Sementara itu, saat ini, hampir tidak ada pihak yang berwenang secara hukum untuk menyelamatkan bank yang kolaps. "Semua orang takut mengambil tindak menyelamatkan bank," katanya. Karena takut dituding melakukan tindakan kriminal, seperti yang pernah dituduhkan pada mantan Menteri Keuangan Sri Mulyani karena telah menyelamatkan Bank Century saat itu.
Maka dari itu, kata Chatib, ini saat yang tepat untuk mematangkan rancangan undang-undang Jaringan Pengaman Sistem Keuangan. "Karena kalau terjadi apa-apa, kalau menurut saya, enggak ada yang mau nanggung," kata Chatib.
Chatib melanjutkan, jika RUU JPSK molor lagi, akan berdampak serius pada penanganan krisis dalam negeri. "Dan kalau terjadi krisis, itu jadi tanggung jawab parlemen," katanya lagi.
Direktur Utama Bank CIMB Niaga Arwin Rasyid menyatakan, pembentukan protokol krisis dan penuntasan RUU JPSK memang sangat mendesak. "Sementara ini protokol krisis ini pasti masih di BI dan Menteri Keuangan, hanya saja cepat dong tuntaskan RUU JPSK ini," kata Arwin saat ditemui Tempo di Graha CIMB Niaga usai konferensi pers kinerja semester I-2011 hari ini.

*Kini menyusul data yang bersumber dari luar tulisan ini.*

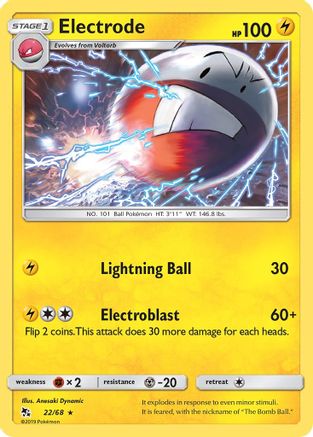 Electrode 022/68 - Rare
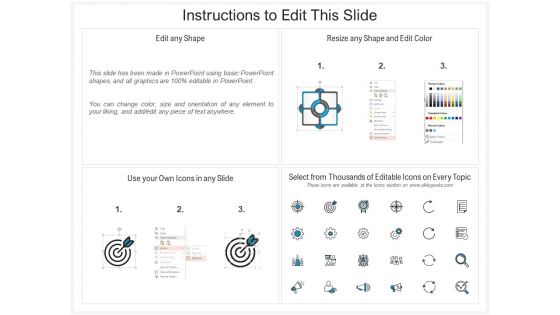 Application Life Cycle Analysis Capital Assets Idea Generation Topics PDF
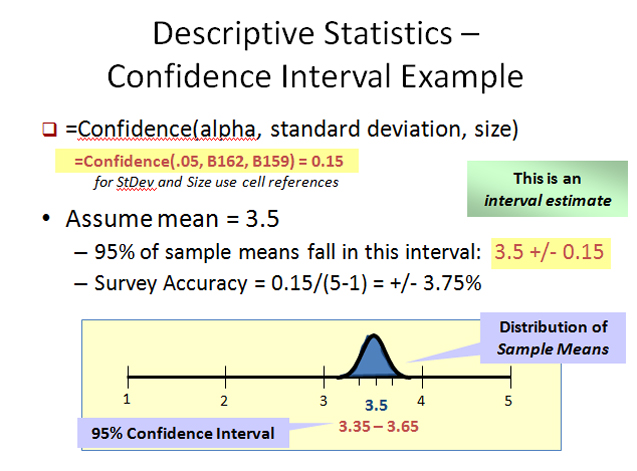 Confidence Level Chart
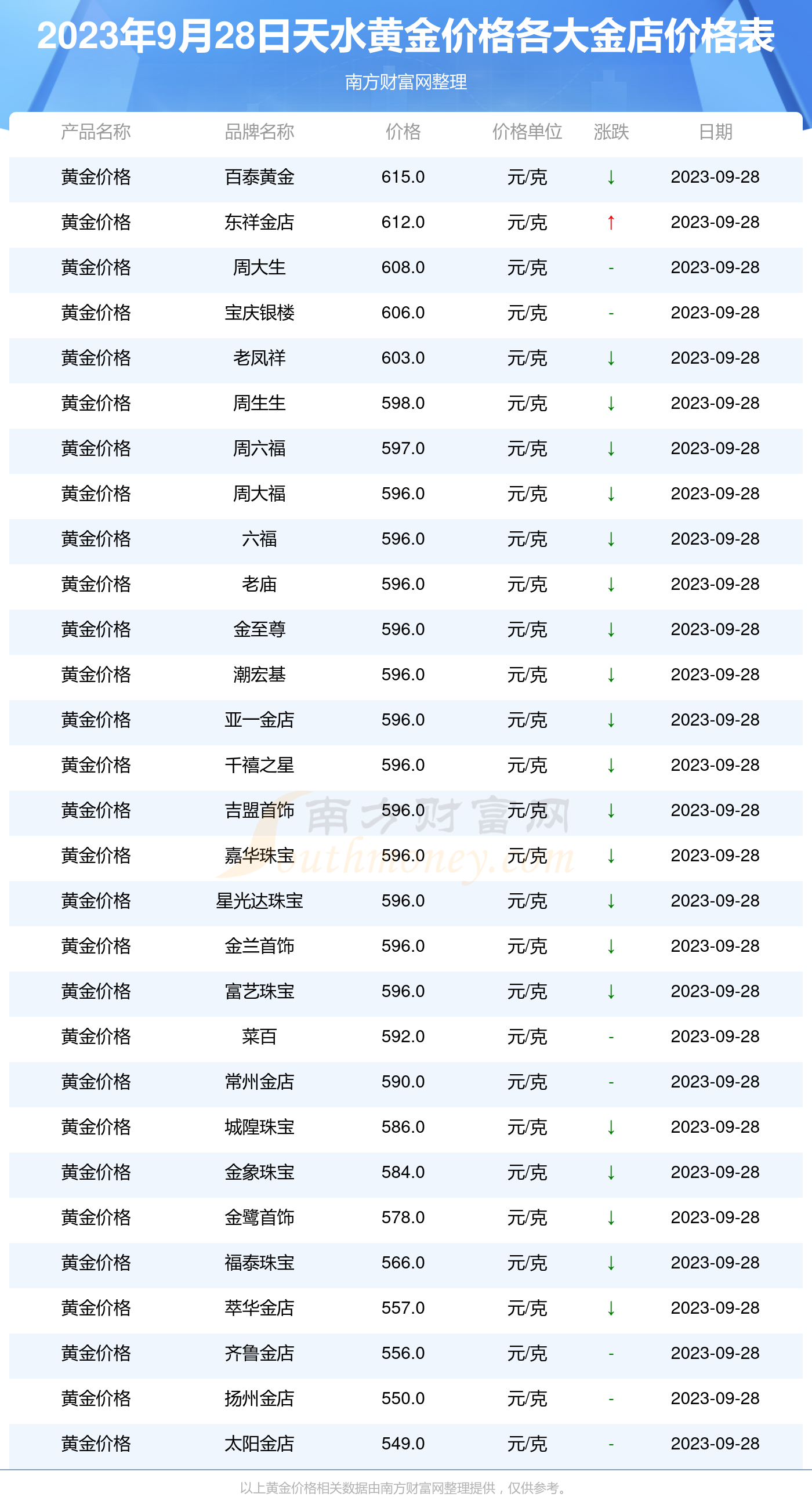 天水最新金价详解，查询方法、理解与掌握步骤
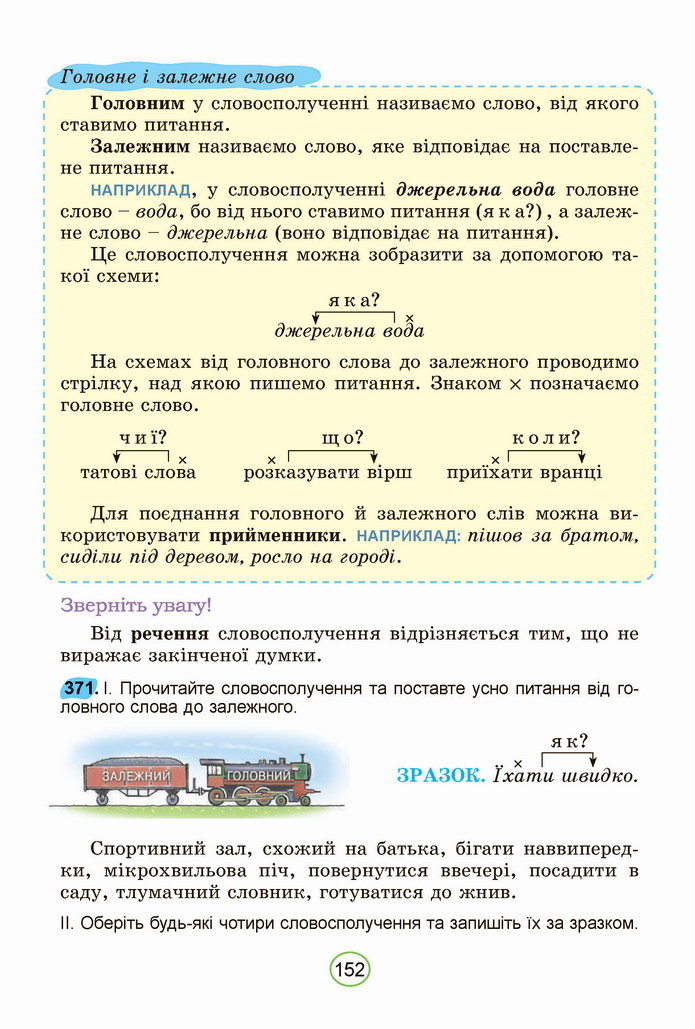 Українська мова 5 клас Заболотний 2022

Apalagi, pembicaraan mengenai protokol krisis dalam RUU JPSK ini sudah sejak tahun 2000 silam, dan rencananya akan direalisasi pada 2004. Arwin melanjutkan, pemerintah jangan bertele-tele lagi. "Kalau iya-iya, kalau enggak-enggak," katanya.
Sementara itu Bank Indonesia melalui Direktur Riset dan Kebijakan Moneter Bank Indonesia Perry Warjiyo lewat pesan pendek kepada Tempo menyatakan, dampak krisis saat ini masih bisa diatasi dengan prosedur yang ada. Ia tak menjelaskan secara detail prosedur yang dimaksud.
Tapi, Ekonom Bank Mandiri Destry Damayanti berpendapat lain. Menurut Destry, prosedur penyelamatan krisis tak bisa menunggu RUU JPSK. Pemerintah harus membentuk pos-pos penyelamatan sendiri.
Misal seperti yang sudah dilakukan oleh Kementerian Keuangan di instrumen bonds atau surat utang. "Kalau turun berapa persen, mereka tahu apa yang harus mereka lakukan," terang Destry saat dihubungi Tempo hari ini. Termasuk pos-pos penyelamatan di pasar saham. Seperti kondisi saat ini.
Manajemen Protokol Krisis ini tertuang dalam Rancangan Undang-Undang Jaring Pengaman Sistem Keuangan (JPSK). Pemerintah dan Bank Indonesia (BI) menyiapkan aturan tentang tata cara atau protokol penanganan krisis ekonomi ini sebagai payung hukum bagi pejabat dalam menggunakan dana negara untuk penanganan krisis secara cepat. Tapi hingga saat ini, pembahasannya masih molor di gedung Dewan.